# NEW AE Light Xenide 35/50W



## dudemar (Feb 7, 2010)

Looks like AE Light has released their trump card:

http://www.aelight.com/product.php?category=11&id=238












-Dual output 35/50W ballast with 4250K bulb

-3200 lumens on low (110 min) and 4700 lumens on high (70 min).

-Claims to project beam out to 2000m, but its useful throw will likely be far less (but nonetheless very useful)

-HA exterior with detachable handle; drilled to fit standard camera tripods

-Holes on the end of handle and battery for a lanyard/carry strap

-Weight: 3.7 lbs w/o handle, 4.3 lbs with handle

-Dimensions: 12" long; the widest diameter on the head is 3.75" tapering down to 2.75"; Battery is 2.25"

-Battery is replaceable and capable of 1000 charge/discharge cycles; features a protective circuit to protect from over/undercharge, and has a replaceable slow blow fuse in the case the battery is shorted

-Submersible to 50m (doubles as dive light)

-Rotating magnetic switch allows user to go from 35W to 50W.


Retails for $2100.


With the build quality of the current Xenides, this 35/50W is a no-brainer. I'm curious to know if this light will have "instant strike" and what its dimensions are (not specified on the AE website).

This will in fact be my next big HID purchase. It may take a while to save up, but who cares.

You gotta love the added detail at the beginning of the light's description: "in association with LEMAX s.r.o., makers of *nuclear research* and automotive equipment"



Awesome.



-


----------



## N10 (Feb 7, 2010)

just noticed that as well....looks pretty good!
Color Temp: 4250K!!


----------



## 276 (Feb 7, 2010)

Sweet Find!!!


----------



## CajunJosh (Feb 7, 2010)

Nice light but the critical question with AE lights is how long is the warm up time?


----------



## Patriot (Feb 7, 2010)

Very cool new development and the best HID news for some time. 

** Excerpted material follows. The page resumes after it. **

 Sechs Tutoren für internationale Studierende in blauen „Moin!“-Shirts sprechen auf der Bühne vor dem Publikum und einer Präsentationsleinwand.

Natural HA body......"Right on" AE Light! :thumbsup:

Great looking shape and machining! 

Has the look of a over-grown Surefire LX2 

Dual output! :twothumbs

50m water resistance! 



On the silly side, you gotta love all those specs given but without the light dimensions even mentioned. :shakehead


Regarding the warm up time, it should be pretty good if they're using a 35W bulb at 50W. Probably faster that most dedicated 35W lights like the L35, POB, and Ti-mega Illuminator. I'm eager to hear more about this.


----------



## CajunJosh (Feb 7, 2010)

AE lights are one of my favorite, hope they have a quick warm up time. I love the battery level gauges featured on both Polarion and Titanium Innovations L50 & L70. If AE could work something like that into this light I would be up for adding another AE to my collection.


----------



## 276 (Feb 8, 2010)

As soon as i saw this i sent them an email regarding the dimensions & start up time, hopefully I'll get a response soon.


----------



## Mr Ted Bear (Feb 8, 2010)

as large as SF Beast, thicker body (2 1/2"). price more like $1800


as seen a shot 2009


----------



## 276 (Feb 8, 2010)

Mr Ted Bear said:


> as large as SF Beast, thicker body (2 1/2"). price more like $1800
> 
> 
> as seen a shot 2009



Thanks!!


----------



## dudemar (Feb 8, 2010)

Even at $1800 I would say it's an attractive price point.


----------



## stienke (Feb 8, 2010)

*4250K* bulb upgrade for Xenide 20w/25w?? , very nice light btw!


----------



## Patriot (Feb 8, 2010)

$1800 :thinking:

Well, this ought to be interesting. It's $1200 more than their top 25W light and in the same price point as the Polarion X1.


----------



## tab665 (Feb 8, 2010)

it looks like the head should be a little bigger. maybe its just me or the angle of the photo.


----------



## Lips (Feb 8, 2010)

Pics 


$1800 sounds way high!

dudemar, you can use my links if you'd like to add to first post...


























.


----------



## XeRay (Feb 8, 2010)

http://www.lemax.cz/data/LEMAX_catalogue_2010.pdf


----------



## tab665 (Feb 8, 2010)

thanks for that link XeRay. now that i look closer at the pictures on the AE lights website, you can see where they blurred out LEMAX on the tail.


----------



## N10 (Feb 8, 2010)

thanks for the pdf XeRay....looks exactly the same as the Xenide but branded Lemax(never heard of that one)! Wander if it's lemax that's been rebranded or the Xenide that's been rebranded. looking good though


----------



## XeRay (Feb 8, 2010)

N10 said:


> thanks for the pdf XeRay....looks exactly the same as the Xenide but branded Lemax(never heard of that one)! Wander if it's lemax that's been rebranded or the Xenide that's been rebranded. looking good though


 
Lemax is one of our customers for over 1 year. AE is selling a Lemax product.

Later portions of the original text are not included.